The Stones made this record the wrong way, and that’s exactly why it still sounds like nothing else.
It started with handcuffs — almost literally. In February 1967, Brian Jones, Keith Richards, and Mick Jagger were all facing drug charges, travel restrictions, or both. The band couldn’t tour. The world outside Olympia Studios in London was closing in, and the world inside was expanding in a completely different direction. Sgt. Pepper had dropped. The Beatles were suddenly speaking a new language, and the Stones, always competitive, always a little resentful, decided to answer.
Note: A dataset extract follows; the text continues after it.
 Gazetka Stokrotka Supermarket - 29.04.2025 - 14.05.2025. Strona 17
What came out was Their Satanic Majesties Request. Sprawling, paranoid, grandiose, and genuinely weird in ways that feel accidental and intentional at the same time.
The Sessions
The record was cut mostly at Olympic Sound Studios — Barnes, London — through 1967, a year when that room was hosting more interesting failures per square foot than almost anywhere on earth. The Stones produced it themselves, a first, because their manager Andrew Loog Oldham had walked out of the sessions in disgust and didn’t come back.
That departure is important. Oldham had shaped the band’s sound. Without him, and with engineer Glyn Johns doing his best to hold the thing together, the Stones were free and completely adrift at the same time. Johns, who would go on to do landmark work with the Eagles and Led Zeppelin, later said these sessions were among the most chaotic he’d experienced. No small claim.
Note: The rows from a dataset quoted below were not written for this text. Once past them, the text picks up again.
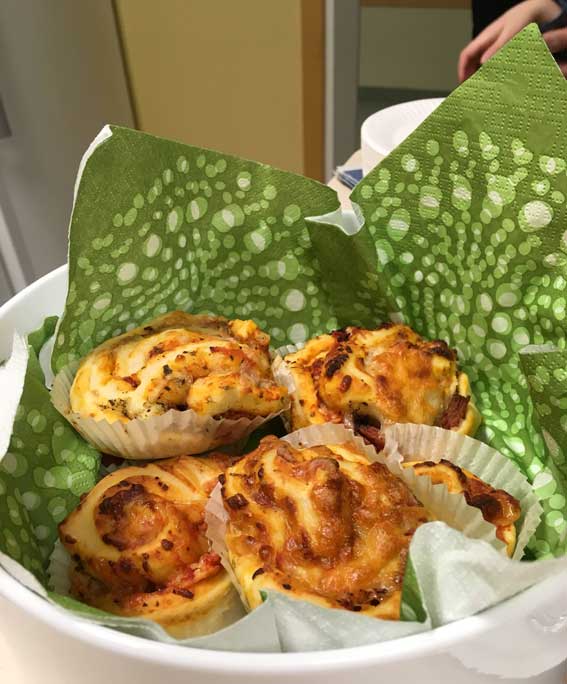 Syskon-Gustavs pizzabullar Syskon-Gustavs pizzabullar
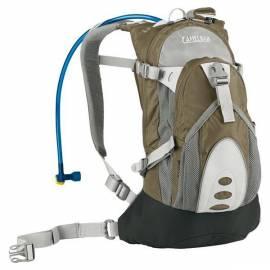 PDF-Handbuch downloadenEin Rucksack mit einer Wassertasche CAMELBAK Luxe Omega Silber/braun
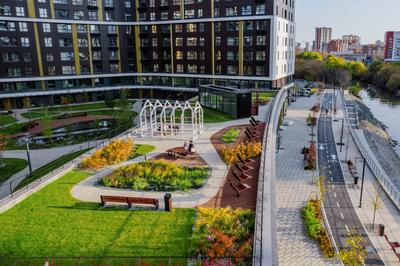 ЖК Клевер парк в Екатеринбурге: купить квартиру от застройщика на  официальном сайте по выгодной цене!
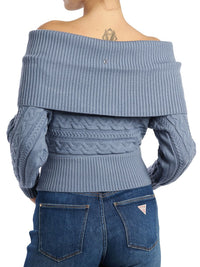 PULL GUESS CABLE ELLA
Brian Jones — by then dissolving slowly, musically and otherwise — played an extraordinary range of instruments across the record. Mellotron, saxophone, flute, various percussion. He sounds genuinely alive on this album, which makes it one of the sadder documents in the Stones catalog given what came next.
Nicky Hopkins, the London session pianist who seemed to be on every important British record of the decade, contributes extensively. He plays piano across several tracks with the kind of fluid authority that makes you realize the Stones’ own keyboard work was still finding its legs.
The Album Itself
“Citadel” opens with compressed, buzzing guitars and a kind of siege mentality that feels like Richards actually understood what they were doing. “She’s a Rainbow” — orchestrated by John Paul Jones, yes, that John Paul Jones — is genuinely beautiful and almost no one talks about that anymore. The harpsichord lick, the string arrangement, Jagger’s vocal sitting right in the center without straining: it works.
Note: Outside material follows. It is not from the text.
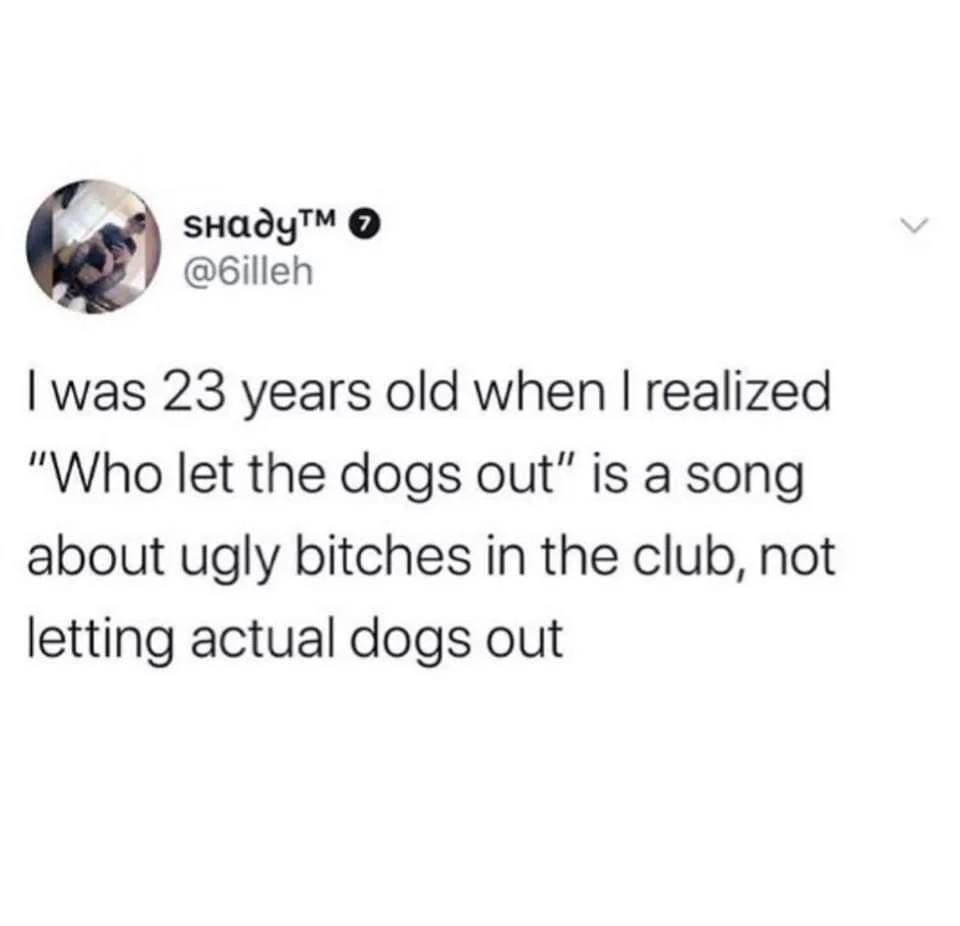 ugliness meme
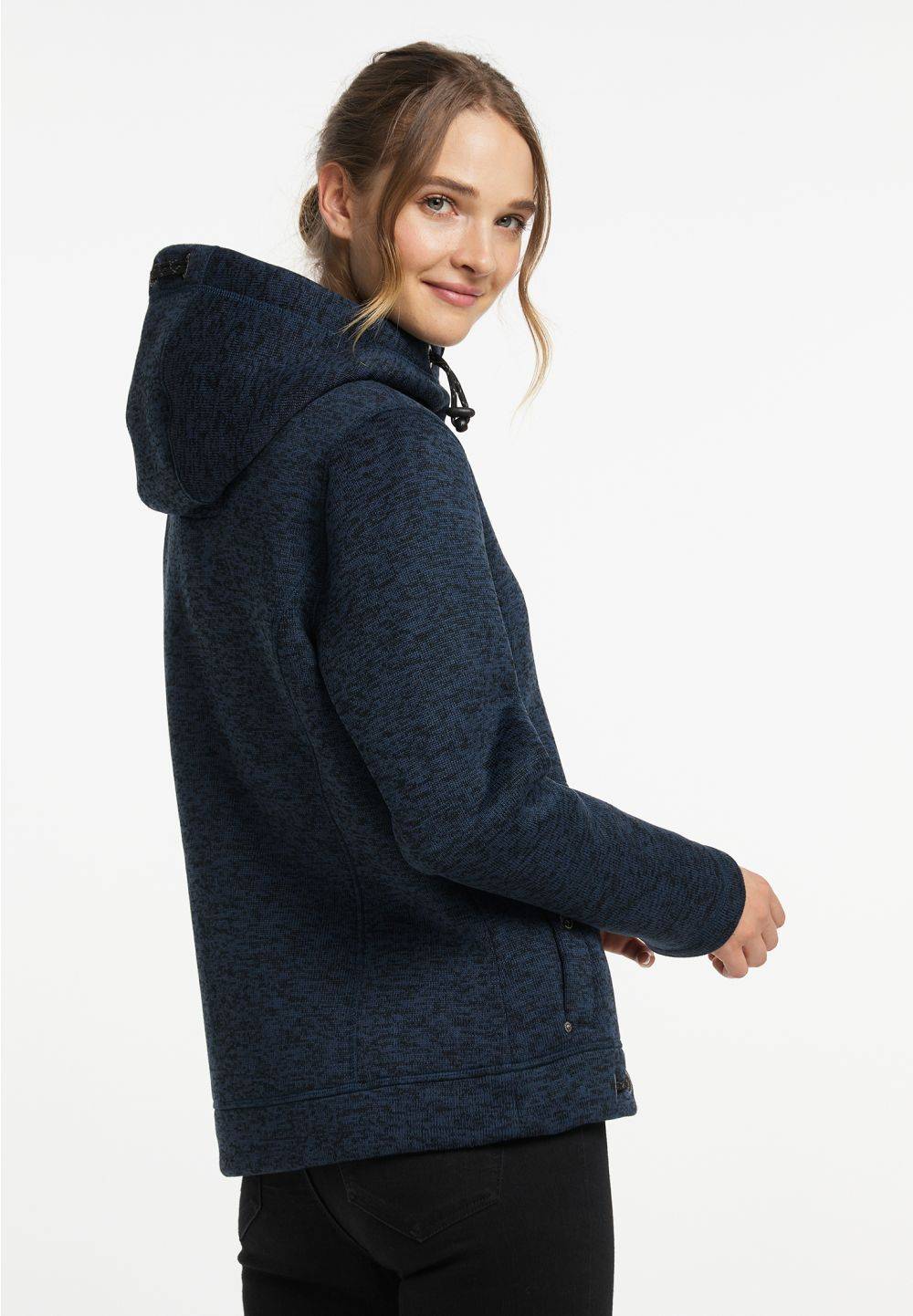 Schmuddelwedda Schmuddelwedda Strickfleecejacke Heißer Verkauf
“2000 Light Years from Home” is the album’s actual achievement. Bass up front, mellotron threading through, a repeating structure that hypnotizes without trying to. It sounds like it was recorded in 1972 and nobody told them. Rolling Stone magazine once listed it as one of the 500 greatest songs ever recorded, and for once that list got something right.
“On With the Show” closes things with a circus-tent shuffle that suggests the whole project was maybe a put-on, or maybe a survival mechanism, or maybe both.
The record got destroyed by critics at the time. Melody Maker called it the Stones’ worst. The cover — a 3D lenticular photograph of the band in wizard robes — did not help their case. But play it after midnight, with the volume low enough that the room feels like an extension of the sound, and something in it clicks. It’s not Exile. It’s not Beggars Banquet. It’s not trying to be.
It’s five men in a room who’d lost their manager, couldn’t leave the country, and decided to make a psychedelic record anyway — and then just barely did it.
That the thing exists at all is the accomplishment.